Снег, обнявший тело, казался теплым.

Как кровь, которая успокоила бы каранглир, терзающий тело.

========== Эпилог. Амарантовый снег. ==========

«Куда ты ушел, идиот?»

Мелькор уже успел позабыть, насколько холодно в горах.

«Странно, что я вообще это чувствую».

Или это у него зубы стучали от боли?

Он сам не понимал. Сломанная рука распухла, натянув рукав – кое-как он перерезал ремень наруча, потеряв его по дороге, и теперь плелся через снег, проклиная эту ледяную толщу по колено.

В сапогах хлюпало. Он упрямо лез вперед, ругая за глупость и себя, и Майрона. Майрона – за то, что ушел. Себя – за то, что плюнул на всех, поставил Лангона перед фактом, что лезет на поверхность со сломанной рукой, и рванулся на поиски прежде, чем кто-то успел вякнуть хоть слово.

«Хоть бы был именно там, где я думаю».

Он знал, о каком месте писал Майрон. Старая алмазная выработка за Фелурушем, где один из коридоров шахты выводил прямо на поверхность.

Как же больно…

Тело потряхивало мелкой дрожью. Он чувствовал, что зубы стучат, но ничего не мог поделать – даже удержать челюсть в неподвижности силой воли. Просто упрямо тащил себя вперед, шаг за шагом, по крутой лестнице, которая вела со дна кимберлитовой трубки – наверх.

Отстраненно заметил серебряные осколки, мерцающие в снегу ртутными кинжалами.

А наверху наконец-то нашел его.

Майрон лежал в снегу, обмякнув, словно изуродованная кукла. Выглядел ужасно – на ввалившемся лице все еще виднелись темные следы набухших суставов, правая кисть все еще скрывалась под наростами и иглами кристаллов, перекрученная и окровавленная, пусть и кристаллы были уже не красными, а черно-золотыми. Левая рука все еще сжимала шахтерскую кирку – так крепко, что не разжалась до сих пор.

«Нет уж. Раз лежишь и не развоплотился, то не умер. А раз кристаллы больше не красные – значит, все подействовало, как нужно».

Мелькор рвано опустился на колено, чувствуя, как тяжело оседает под весом собственного тела.

Тряхнул Майрона за плечо здоровой рукой.

– Поднимайся.

Майрон чуть пошевелился, разлепив воспаленные веки.

– Оставь. Я не… все горит. Оно не вернется.

«И как тебя тащить со сломанной рукой? Хорош спаситель!»

Он проигнорировал протесты Майрона. Охнул от пульсирующей боли, когда ее волна ударила копьем до плеча правой руки, и ожесточенно ощупал тело майа, пытаясь отыскать смещения и переломы, но ничего не почувствовал, кроме выступающих кристаллических наростов.

– Ноги чувствуешь? Моргни, если да.

Майрон медленно сомкнул веки. И раскрыл глаза, пусть и смотрел куда-то мимо, если вообще смотрел.

– Руки? Ты падал? Кости ломались? Два раза, если нет.

Один. Пауза. И дважды.

«Хорошо».

– Значит, вставай.

Мелькор поднялся из снежной кучи, чувствуя себя безобразно неуклюжим. Дернул Майрона за относительно целую руку, сжимавшую кирку, и едва не упал.

Голова кружилась от боли и усталости.

– Не… не надо, – голос майа звучал чуть слышно.

«Ты сам напросился».

– Нет, Майрон. Ты идешь со мной.

Он заставил его зашевелиться – надавил на ослабленный болью разум, проламывая барьер, безжалостно пользуясь уязвимостью, и побудил подняться, начать передвигать ноги, игнорировать любую муку, тащиться вперед, даже если это вырвет из тела такие вопли, что будет слышать вся крепость.
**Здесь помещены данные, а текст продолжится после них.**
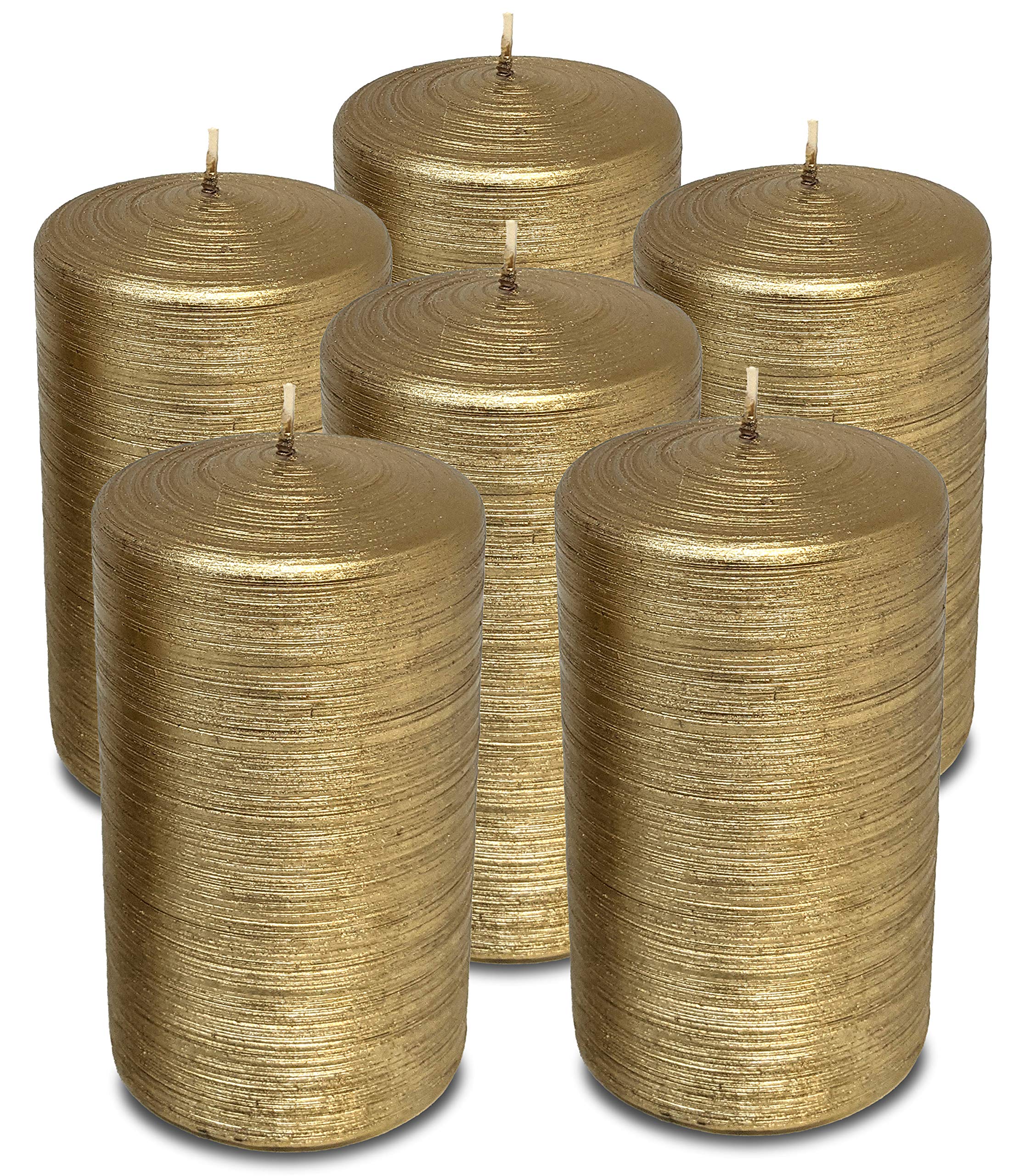 Hyoola Brushed Metallic Pillar Candles 6 Pack - Antique Gold Decorative Candles for Weddings & Home Decor - 2.75x5 Inch European Made Pillar Candles - Perfect for Centerpieces, Romantic Dinners & Holiday Decorations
– Вставай! – голос прозвучал от злости, как низкое рычание. – Я приказываю тебе.

Даже не ошибся – когда он дернул Майрона за шиворот и рывком поставил на ноги, Майрон заорал от боли так, что их наверняка теперь нашли бы по этому вою.

«Прости».

Он закинул его руку на левое плечо и потащил упирающееся тело, вялое и тяжелое, через снег.

Майрон вскрикивал так, словно его пытали, но шел. Потом притих и издавал только странные скрипящие стоны.
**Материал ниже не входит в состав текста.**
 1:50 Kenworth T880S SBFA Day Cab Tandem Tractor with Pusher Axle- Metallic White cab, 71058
Долго спускаться не пришлось, потому что Лангон и слуги налетели на них еще на первом срезе трубки, уходящей вниз.

Мелькор не стал возражать и что-то говорить, когда слуги забрали Майрона и положили его на скрепленные между собой щиты.

«Как странно, что язык так плохо слушается. Просто же. Сказать, чтобы были поаккуратнее».
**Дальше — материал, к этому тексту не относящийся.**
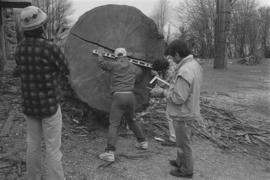 [Measuring and marking base of canoe log]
Медленно, будто наблюдая за кем-то другим, он сел на ступени спуска, чувствуя, как голову заполняет звенящей пустотой, а по телу ползет судорожный холод.

Лангон встревоженно посмотрел на него, что-то спросил, но почему-то он прочел сказанное только по губам. Собирался сказать Лангону, что он сейчас свыкнется, что просто нужно отдохнуть, и ему-то помощь точно не нужна, только закрепить сломанную руку.